DataLoader combines a Dataset with Sampler, Transform and Collator, make it flexible to get minibatch continually from a dataset. See Use Data to build the input pipeline for more details.

Parameters:

dataset (Dataset) – dataset from which to load the minibatch.
sampler (Optional[Sampler]) – defines the strategy to sample data from the dataset. If None, it will sequentially sample from the dataset one by one.
transform (Optional[Transform]) – defined the transforming strategy for a sampled batch.
collator (Optional[Collator]) – defined the merging strategy for a transformed batch.
num_workers (int) – the number of sub-process to load, transform and collate the batch. 0 means using single-process.
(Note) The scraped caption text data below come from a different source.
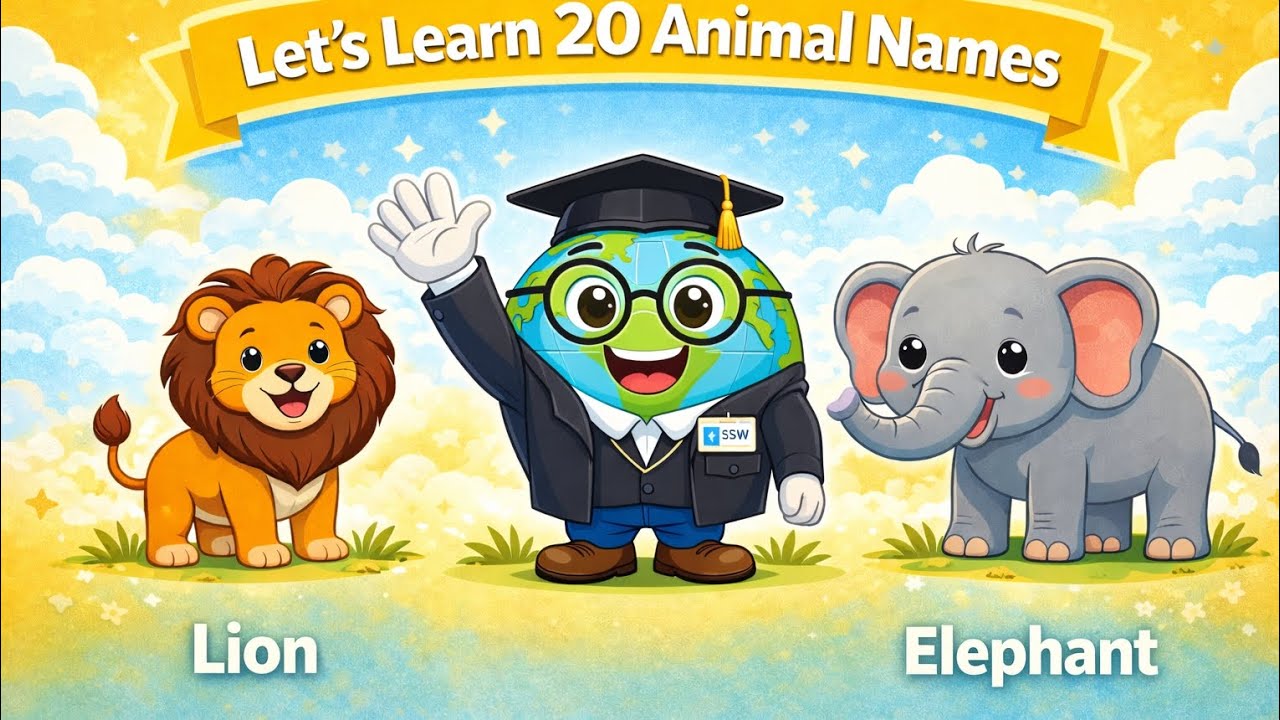 Learn🐯 20 Animal Names in English & Hindi🦁🐘  | Real Animal Clips + Qualities | @Kids Study world🌏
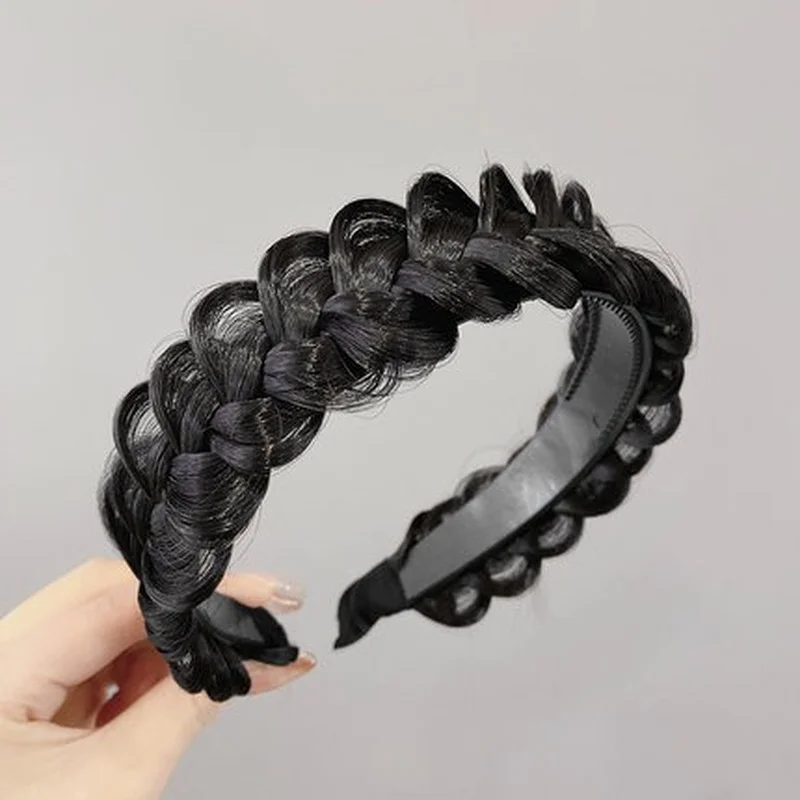 Fashion Fishbone Braid Lazy Wig Twist Hair Bands for Women Luxury Designer Non-slip Braided Wigs Headband Hair Accessories images - 6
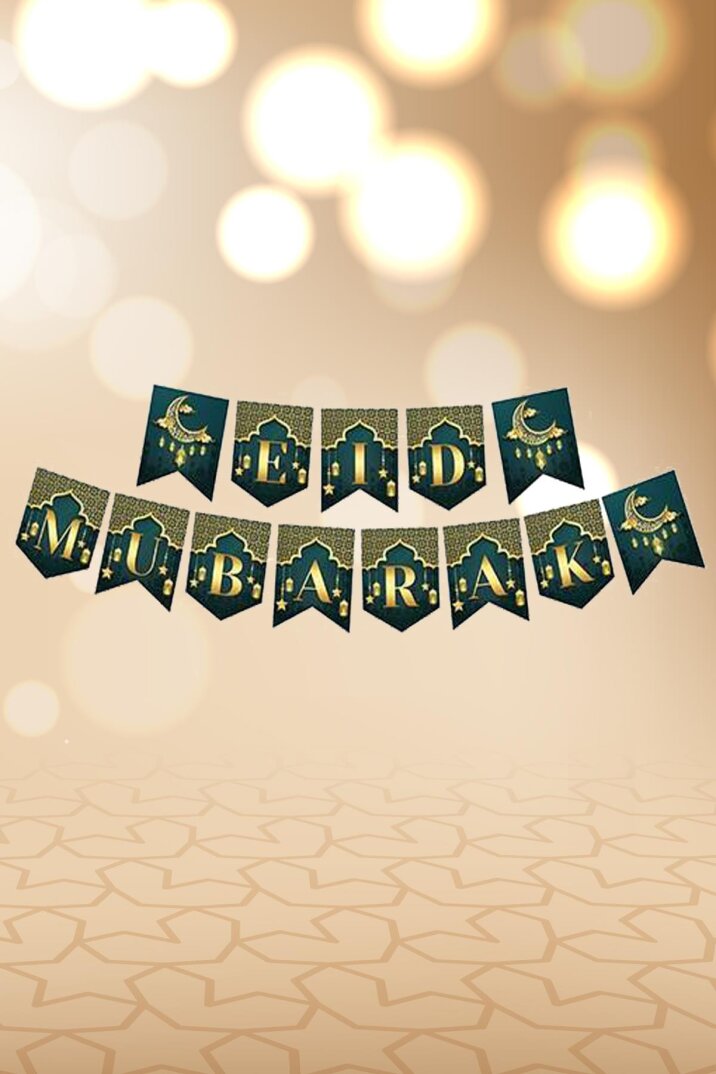 Eid Mubarak Yazılı Banner Yazılı İpe Dizili Harfler Ramazan Süsleri - 1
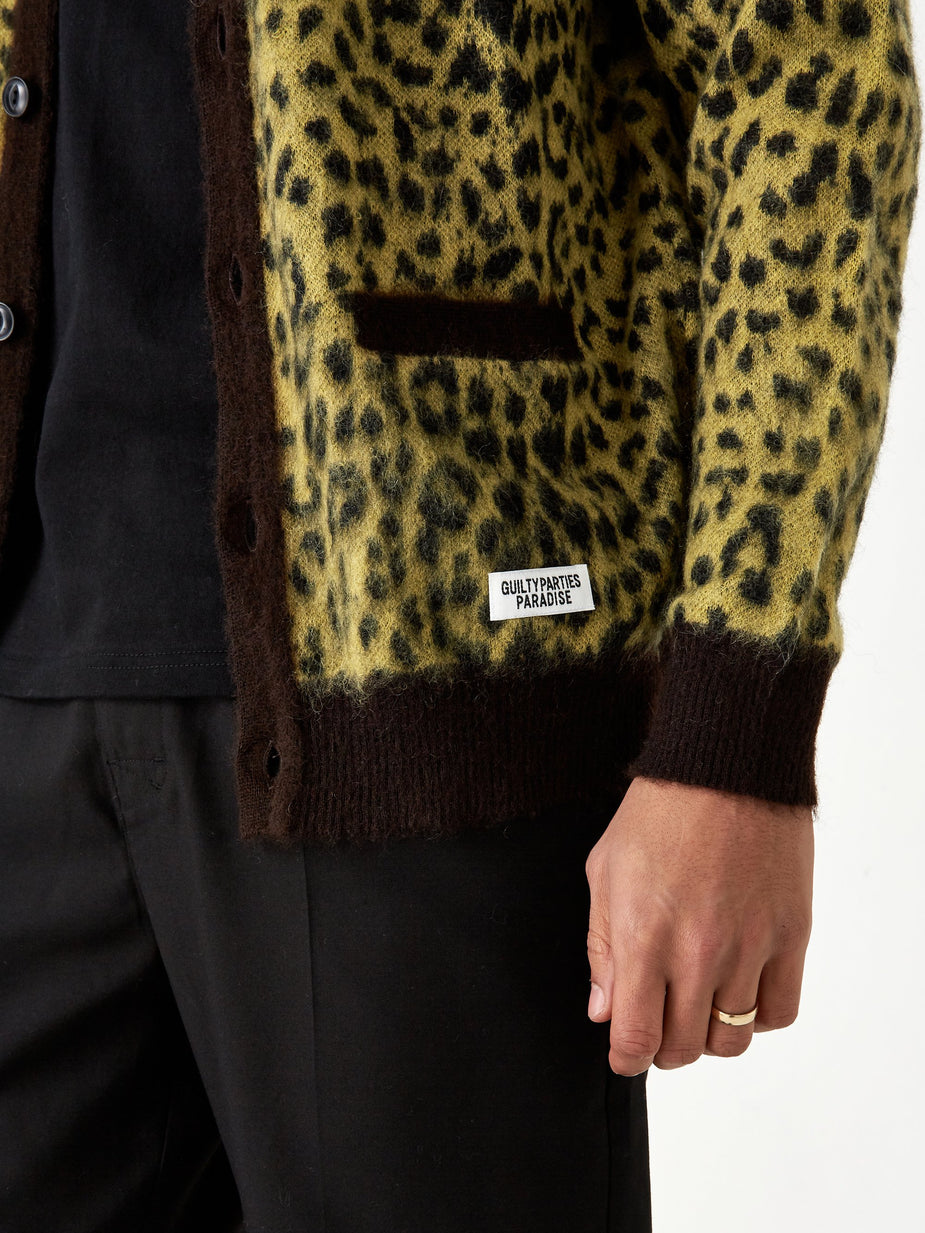 Wacko Maria Wacko Maria Leopard Mohair Cardigan (Type 2) - Yellow - Yellow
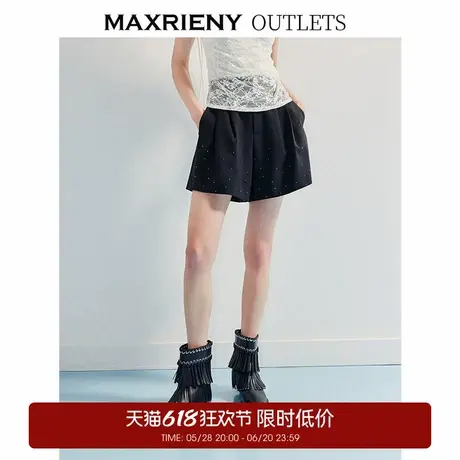 【奥莱】MAXRIENY黑色a摆压褶短裤女通勤风a型裙裤图片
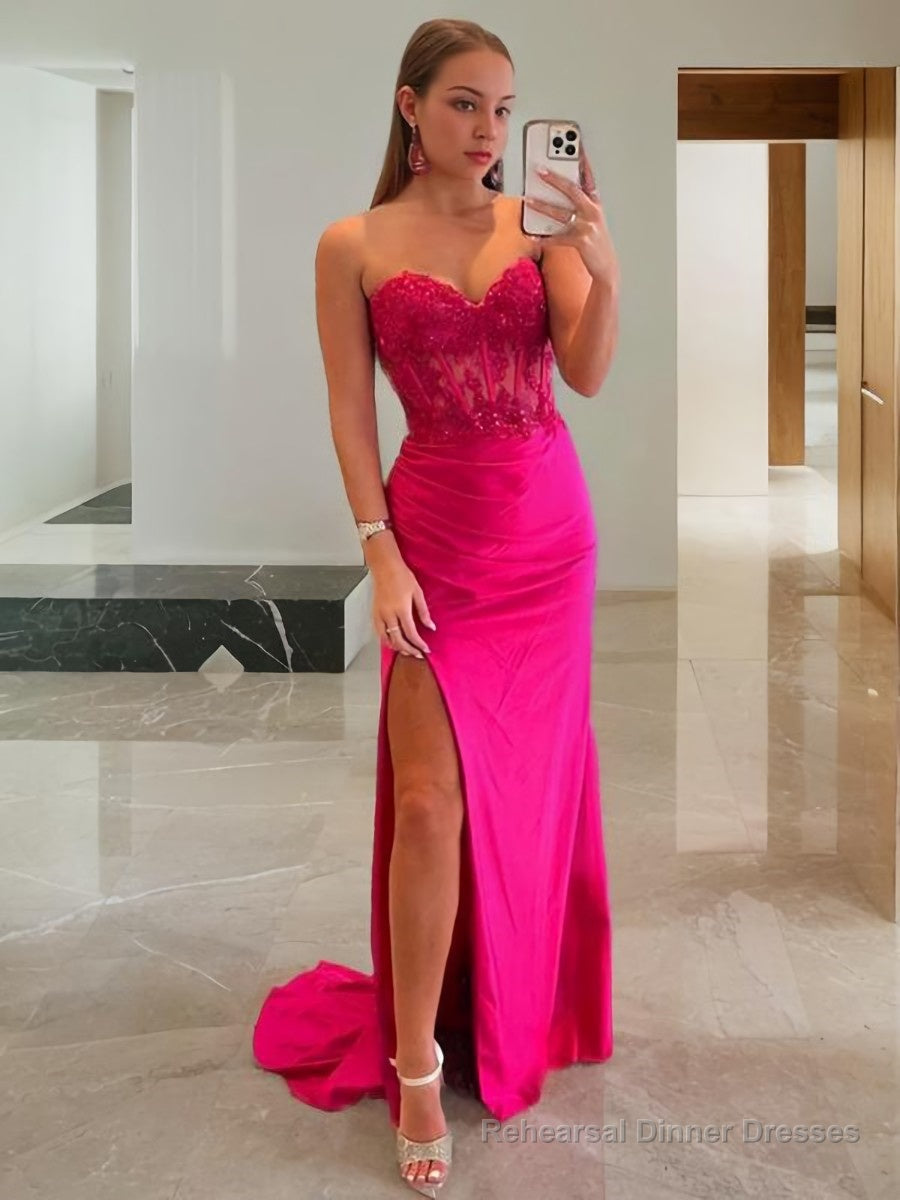 Sheath/Column Sweetheart Sweep Train Stretch Crepe Prom Dresses With Leg Slit Main image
Default: 0
timeout (int) – if positive, means the timeout value(second) for collecting a batch from workers. Default: 0
preload (bool) – whether to enable the preloading strategy of the dataloader. When enabling, the dataloader will preload one batch to the device memory to speed up the whole training process.
parallel_stream (bool) – whether to splitting workload across all workers when dataset is streamdataset and num_workers > 0. When enabling, each worker will collect data from different dataset in order to speed up the whole loading process. See ref:streamdataset-example for more details

The effect of enabling preload

All elements in map, list, and tuple will be converted to Tensor by preloading, and you will get Tensor instead of the original Numpy array or Python built-in data structrure.
Tensors’ host2device copy and device kernel execution will be overlapped, which will improve the training speed at the cost of higher device memory usage (due to one more batch data on device memory). This feature saves more time when your NN training time is short or your machine’s host PCIe bandwidth for each device is low.